O governo de Israel anunciou a deportação de todos os ativistas estrangeiros que faziam parte de uma flotilha com destino à Faixa de Gaza, interceptada pelas forças israelenses no mar Mediterrâneo. A decisão ocorreu após uma onda de críticas internacionais, que culminou em uma crise diplomática.

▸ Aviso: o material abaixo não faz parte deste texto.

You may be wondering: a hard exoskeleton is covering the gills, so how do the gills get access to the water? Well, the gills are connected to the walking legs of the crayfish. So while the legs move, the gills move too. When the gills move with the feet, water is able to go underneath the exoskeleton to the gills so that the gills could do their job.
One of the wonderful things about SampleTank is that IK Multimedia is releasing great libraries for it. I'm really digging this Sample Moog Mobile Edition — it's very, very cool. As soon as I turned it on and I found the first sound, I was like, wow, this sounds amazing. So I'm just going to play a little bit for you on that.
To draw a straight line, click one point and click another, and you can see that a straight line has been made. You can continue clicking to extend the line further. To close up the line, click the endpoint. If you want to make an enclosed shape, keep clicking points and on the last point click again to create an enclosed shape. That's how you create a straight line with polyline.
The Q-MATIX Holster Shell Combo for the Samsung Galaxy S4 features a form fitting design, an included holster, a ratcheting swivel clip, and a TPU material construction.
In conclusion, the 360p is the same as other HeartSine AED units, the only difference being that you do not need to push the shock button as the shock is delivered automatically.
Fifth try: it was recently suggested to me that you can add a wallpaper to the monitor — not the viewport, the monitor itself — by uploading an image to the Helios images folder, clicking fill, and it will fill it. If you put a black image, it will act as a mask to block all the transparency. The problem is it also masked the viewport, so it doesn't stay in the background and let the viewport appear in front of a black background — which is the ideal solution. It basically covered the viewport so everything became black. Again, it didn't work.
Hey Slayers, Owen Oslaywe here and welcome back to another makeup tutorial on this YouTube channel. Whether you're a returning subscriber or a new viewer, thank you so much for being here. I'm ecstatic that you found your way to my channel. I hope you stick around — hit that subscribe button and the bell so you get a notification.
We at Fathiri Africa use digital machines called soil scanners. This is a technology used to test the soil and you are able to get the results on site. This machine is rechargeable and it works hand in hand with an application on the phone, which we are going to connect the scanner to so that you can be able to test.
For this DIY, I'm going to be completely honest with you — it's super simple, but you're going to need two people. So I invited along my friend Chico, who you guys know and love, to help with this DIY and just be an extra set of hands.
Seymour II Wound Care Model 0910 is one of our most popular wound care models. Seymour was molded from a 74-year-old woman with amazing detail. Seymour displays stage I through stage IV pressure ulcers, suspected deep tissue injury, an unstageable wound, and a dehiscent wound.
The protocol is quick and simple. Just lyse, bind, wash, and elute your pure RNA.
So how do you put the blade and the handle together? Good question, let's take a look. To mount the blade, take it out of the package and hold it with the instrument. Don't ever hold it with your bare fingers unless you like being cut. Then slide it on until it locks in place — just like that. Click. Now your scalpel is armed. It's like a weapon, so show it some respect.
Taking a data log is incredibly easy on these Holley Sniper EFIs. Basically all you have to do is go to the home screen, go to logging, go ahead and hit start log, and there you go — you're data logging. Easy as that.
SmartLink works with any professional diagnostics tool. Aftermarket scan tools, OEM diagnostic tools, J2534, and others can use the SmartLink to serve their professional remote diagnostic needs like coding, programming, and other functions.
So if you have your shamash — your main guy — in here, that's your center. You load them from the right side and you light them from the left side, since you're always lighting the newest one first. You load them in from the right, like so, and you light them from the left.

A libertação dos detidos foi anunciada um dia depois da divulgação de um vídeo pelo ministro da Segurança Nacional de Israel, Itamar Ben-Gvir, que mostrava os ativistas amarrados e ajoelhados enquanto o hino nacional israelense era tocado em alto volume.
As reações internacionais se intensificaram, com o Reino Unido convocando o encarregado de negócios de Israel para esclarecimentos, o que foi interpretado como uma reprimenda diplomática. O Ministério das Relações Exteriores britânico afirmou que o vídeo
viola os padrões mais básicos de respeito e dignidade
.
Na Polônia, o chanceler Radoslaw Sikorski pediu a proibição de entrada de Ben-Gvir no país. O ministro das Relações Exteriores da Itália, Antonio Tajani, sugeriu que a União Europeia discutisse sanções contra o ministro israelense. Até mesmo os Estados Unidos, aliados de Israel, criticaram o episódio.
O embaixador americano Mike Huckabee declarou que, embora a flotilha fosse uma "ação estúpida", Ben-Gvir "traiu a dignidade" de Israel com sua conduta. Outros países, como França, Bélgica, Canadá, Coreia do Sul, Espanha, Itália, Irlanda e Turquia, também se manifestaram contra o tratamento dado aos ativistas.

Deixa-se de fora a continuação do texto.